Trapdoor one-way functions on elliptic curves and their application to shorter signatures and asymmetric encryption

Assignee

• Certicom Corp. · CA

Inventors

• Daniel R. L. Brown · Mississauga, CA
• Robert P. Gallant · Corner Brook, CA
• Scott A. Vanstone · Waterloo, CA
• Marinus Struik · Toronto, CA

Key dates

Classification

• Technology area (CPC H)Electricity
• CPC primaryH04L9/3252
• WIPO fieldDigital communication
• WIPO sectorElectrical engineering

Abstract

The present invention provides a new trapdoor one-way function. In a general sense, some quadratic algebraic integer z is used. One then finds a curve E and a rational map defining [z] on E. The rational map [z] is the trapdoor one-way function. A judicious selection of z will ensure that [z] can be efficiently computed, that it is difficult to invert, that determination of [z] from the rational functions defined by [z] is difficult, and knowledge of z allows one to invert [z] on a certain set of elliptic curve points.
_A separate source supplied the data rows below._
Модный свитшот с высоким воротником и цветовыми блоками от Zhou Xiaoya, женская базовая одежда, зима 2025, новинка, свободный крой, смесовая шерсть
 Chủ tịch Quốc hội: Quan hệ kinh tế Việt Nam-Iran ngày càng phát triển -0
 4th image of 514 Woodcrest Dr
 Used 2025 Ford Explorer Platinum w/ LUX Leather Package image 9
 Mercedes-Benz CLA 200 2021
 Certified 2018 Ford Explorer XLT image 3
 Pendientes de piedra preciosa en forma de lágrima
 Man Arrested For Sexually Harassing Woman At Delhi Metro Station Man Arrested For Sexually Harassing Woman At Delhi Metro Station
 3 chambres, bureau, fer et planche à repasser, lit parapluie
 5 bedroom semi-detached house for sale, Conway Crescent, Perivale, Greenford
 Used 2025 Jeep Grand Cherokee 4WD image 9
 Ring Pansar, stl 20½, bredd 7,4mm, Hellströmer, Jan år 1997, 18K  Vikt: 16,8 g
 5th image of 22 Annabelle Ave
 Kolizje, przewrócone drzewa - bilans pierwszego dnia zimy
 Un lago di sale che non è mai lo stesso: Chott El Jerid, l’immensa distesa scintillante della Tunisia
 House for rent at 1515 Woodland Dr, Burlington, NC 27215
Every rational map is a composition of a translation and an endomorphism. The most secure part of the rational map is the endomorphism as the translation is easy to invert. If the problem of inverting the endomorphism and thus [z] is as hard as the discrete logarithm problem in E, then the size of the cryptographic group can be smaller than the group used for RSA trapdoor one-way functions.